The Zacks Consensus Estimate for CELH’s current financial-year EPS has increased 33.1% in the past 60 days. Shares of this Zacks Rank #1 (Strong Buy) company have surged 79% in the past year. You can see the complete list of today’s Zacks #1 Rank stocks here.

Price and Consensus: CELH

The Kraft Heinz Company: Kraft Heinz is one of the largest consumer packaged food and beverage companies in North America. The company has been benefiting from strength in the foodservice, emerging markets and U.S. Retail Grow platforms. As part of its next transformation phase, management unveiled AGILE@SCALE in February 2022. The strategy has been helping it enhance its agile expertise and capabilities via partnerships with technology giants and cutting-edge innovators. The consensus mark for KHC’s current fiscal year sales and EPS suggests growth of 2.2% and 4%, respectively, from the year-ago period reported figures.

The Zacks Consensus Estimate for Kraft Heinz’s current financial-year EPS has remained stable over the past 60 days. Shares of this Zacks Rank #2 (Buy) company have inched down 2.1% in the past year.

Price and Consensus: KHC

Lamb Weston: The manufacturer of value-added frozen potato products has been gaining from broad-based growth, with strong sales and operational performance in its core business segments.

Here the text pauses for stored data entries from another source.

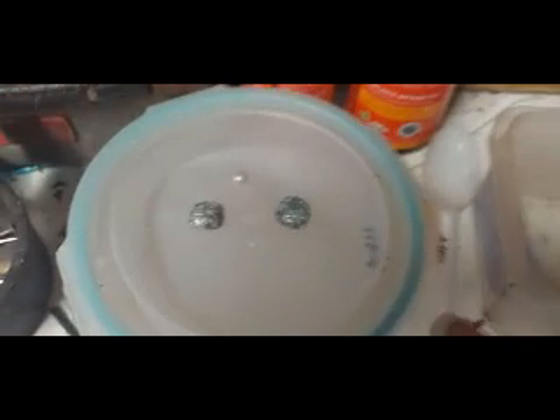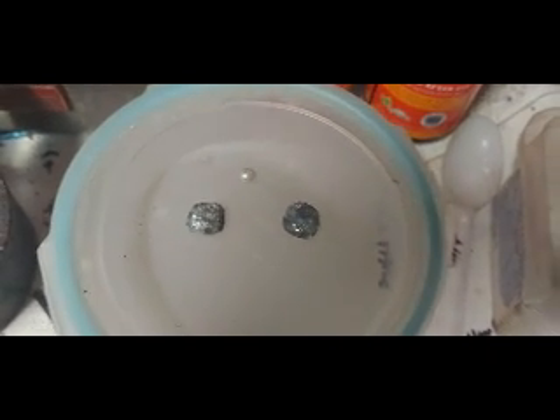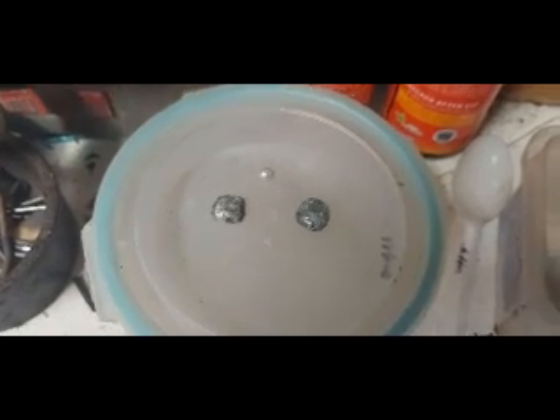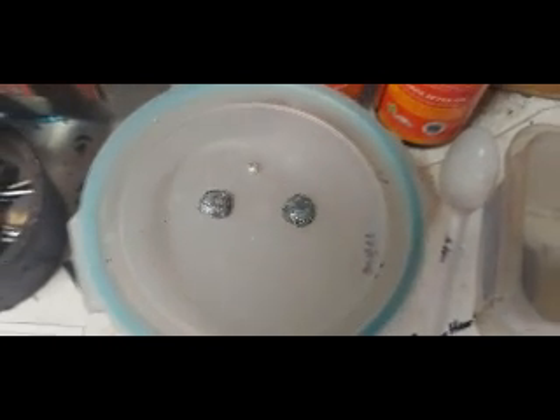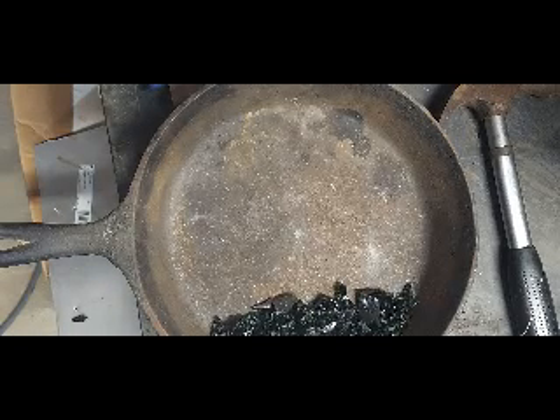Here we go — these are our two lead buttons. This has already been cupelled. Point four five and point four eight grams from about 65 grams of material. We're going to do the grams-per-ton calculation on that after the nitric treatment. Let's get these in the furnace.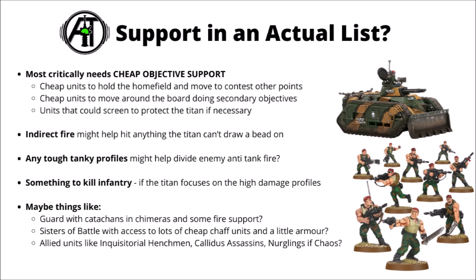Running one of these and supporting it with other units will still be quite fun, though. Most critically, if you're spending 1,100 points on a single model, you need lots of cheap objective support to back it up — things that can get board control and contest other points, cheap units to hold down the home field and trade in the midfield, and fast-movers or reserve-type units that can do secondary objectives around the board, or screen the Titan from deep-striking threats or big charge threats like Angron hurtling in. A little indirect fire might help against things the Titan can't reach, and units that deal with hordes cheaply seem sensible given the Titan won't manage that well. Some saturation with other tanky profiles might help divert enemy anti-tank fire so not literally everything goes into the Titan.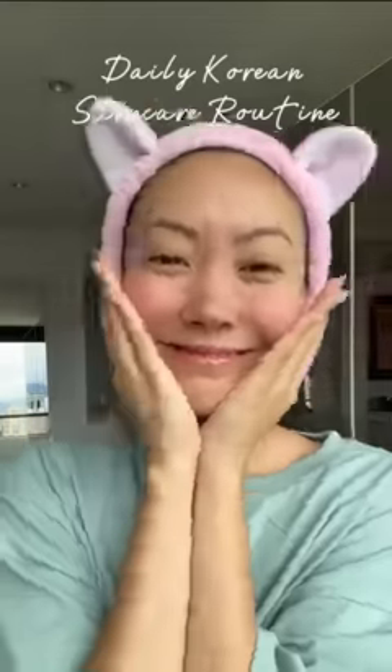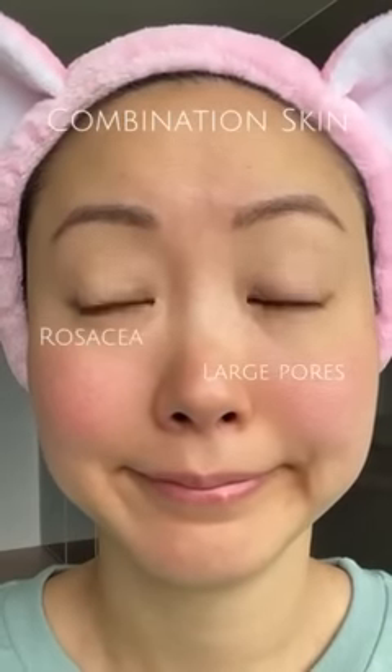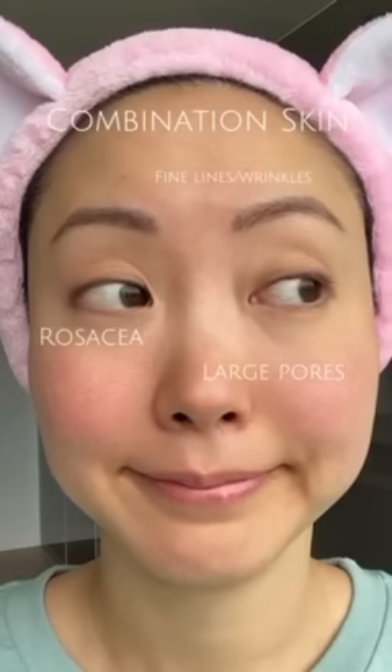Good morning! Today I'll be showing you a super easy Korean skincare routine with Isntree. But first, a little bit about my own skin so you can compare it to yours. As you can see, I've got problems, but no worries because Isntree is here to help.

Lamb Weston’s efforts to counter input cost inflation through effective pricing actions have been proving beneficial. It has also been making investments to boost supply-chain, commercial and information technology operations.  The consensus mark for current fiscal-year sales and EPS suggests growth of 27.4% and 12.6%, respectively, from their respective year-ago period reported figures.

The Zacks Consensus Estimate for Lamb Weston’s current financial-year EPS has increased 3.9% in the past 60 days. Shares of this Zacks Rank #2 company have rallied 18.2% in the past year.

Price and Consensus: LW

Post Holdings: The company is involved in the production of refrigerated, foodservice, food ingredient and convenient nutrition product categories. This consumer-packaged goods company has been experiencing substantial growth, particularly fueled by the impressive performance of its Post Consumer Brands, Weetabix and Foodservice segments. It is also making expansions through acquisitions to diversify its business.  The consensus mark for POST’s current fiscal-year sales and EPS suggests growth of 13.2% and 189.3%, respectively, from their respective year-ago period reported figures.

The Zacks Consensus Estimate for Post Holdings’ current financial-year EPS has increased 6.6% in the past 60 days. Shares of this Zacks Rank #2 company have moved up 2.3% in the past year.